Sid Adelman's Answer: An old mentor of mine commented on a dysfunctional IT shop and the way they delivered very poor quality systems. His line about their attitude was that "Testing was always an option." Now as it turned out, their testing was either incomplete or non-existent, and they had a dismal record for implementing quality applications. Don't listen to those who suggested taking shortcuts. You can't skip user acceptance testing regardless of whether you have dimension tables, normalized databases, flat files or punch cards.
Larissa Moss' Answer:User acceptance testing (UAT) is never performed on the basis of what types of tables to test. The reason for user acceptance testing is to verify the results of every DW process that either loads data into the tables (ETL process) or accesses data from the tables (reporting process). The idea of skipping UAT for dimension tables suggests to me that the ETL process would not be tested sufficiently- or not at all, which is a very bad idea because many errors on the reports have their origins in a faulty ETL process or in dirty data. Since the ETL process loads data into both the fact and the dimension tables, both must be tested to ensure that all rows were loaded according to specifications (including filtering and aggregating data), to reconcile the values in the target tables to the source files (including transformations and cleansing), and to verify that referential integrity exists between the fact and dimension tables. It is not only best practice but common practice to test all tables for all processes.

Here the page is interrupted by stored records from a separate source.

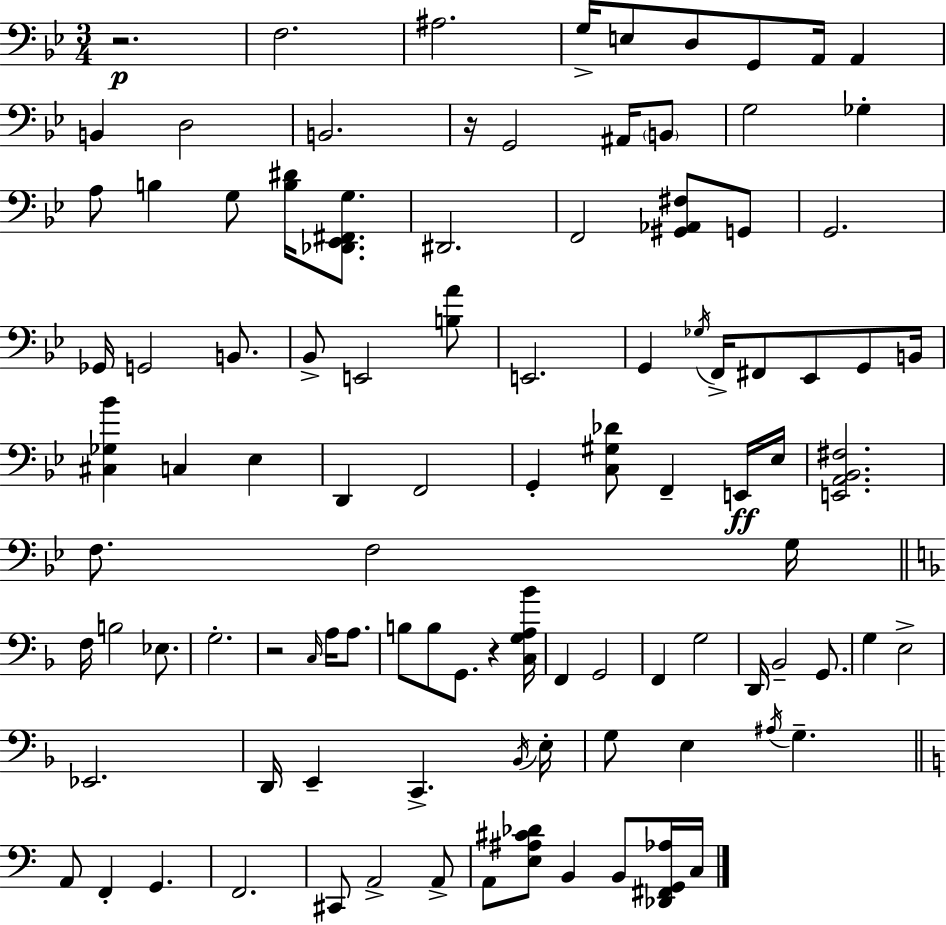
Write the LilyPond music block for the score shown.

{
  \clef bass
  \numericTimeSignature
  \time 3/4
  \key bes \major
  \repeat volta 2 { r2.\p | f2. | ais2. | g16-> e8 d8 g,8 a,16 a,4 | \break b,4 d2 | b,2. | r16 g,2 ais,16 \parenthesize b,8 | g2 ges4-. | \break a8 b4 g8 <b dis'>16 <des, ees, fis, g>8. | dis,2. | f,2 <gis, aes, fis>8 g,8 | g,2. | \break ges,16 g,2 b,8. | bes,8-> e,2 <b a'>8 | e,2. | g,4 \acciaccatura { ges16 } f,16-> fis,8 ees,8 g,8 | \break b,16 <cis ges bes'>4 c4 ees4 | d,4 f,2 | g,4-. <c gis des'>8 f,4-- e,16\ff | ees16 <e, a, bes, fis>2. | \break f8. f2 | g16 \bar "||" \break \key f \major f16 b2 ees8. | g2.-. | r2 \grace { c16 } a16 a8. | b8 b8 g,8. r4 | \break <c g a bes'>16 f,4 g,2 | f,4 g2 | d,16 bes,2-- g,8. | g4 e2-> | \break ees,2. | d,16 e,4-- c,4.-> | \acciaccatura { bes,16 } e16-. g8 e4 \acciaccatura { ais16 } g4.-- | \bar "||" \break \key c \major a,8 f,4-. g,4. | f,2. | cis,8 a,2-> a,8-> | a,8 <e ais cis' des'>8 b,4 b,8 <des, fis, g, aes>16 c16 | \break } \bar "|."
} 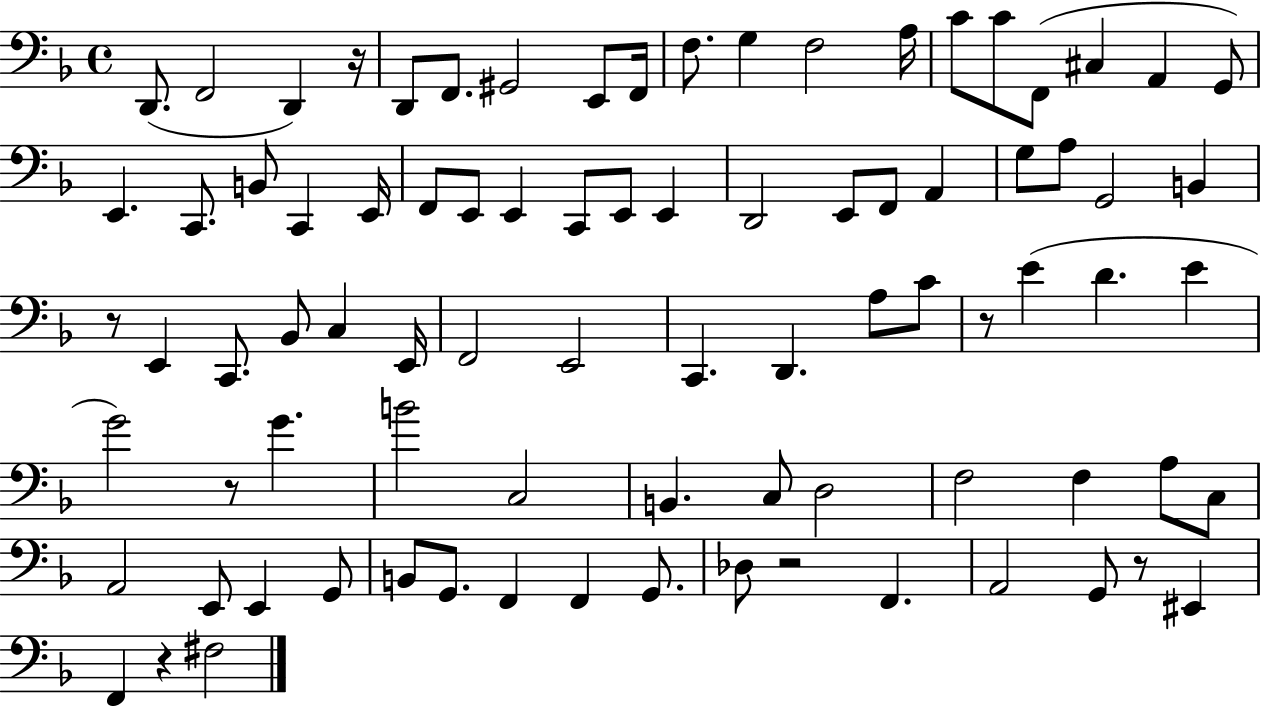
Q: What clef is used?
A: bass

Chuck Kelley's Answer:I am with you. I think that the user community needs to be responsible for the data in the dimensions and so they need to "accept" the data. It may not need to be a full-blown month acceptance test, but the user community needs to the data steward of the dimensions (and facts!).
Clay Rehm's Answer:You should never skimp on testing to speed up implementation. Period. Testing is the most overlooked and underappreciated task on a project. There are plenty of books and articles written on this subject and I would encourage you to explore these.
To play devil's advocate, the dimension tables usually are pretty straightforward and could possibly get by with minimal testing depending on their complexity and depending on how much user involvement there was when they were developed.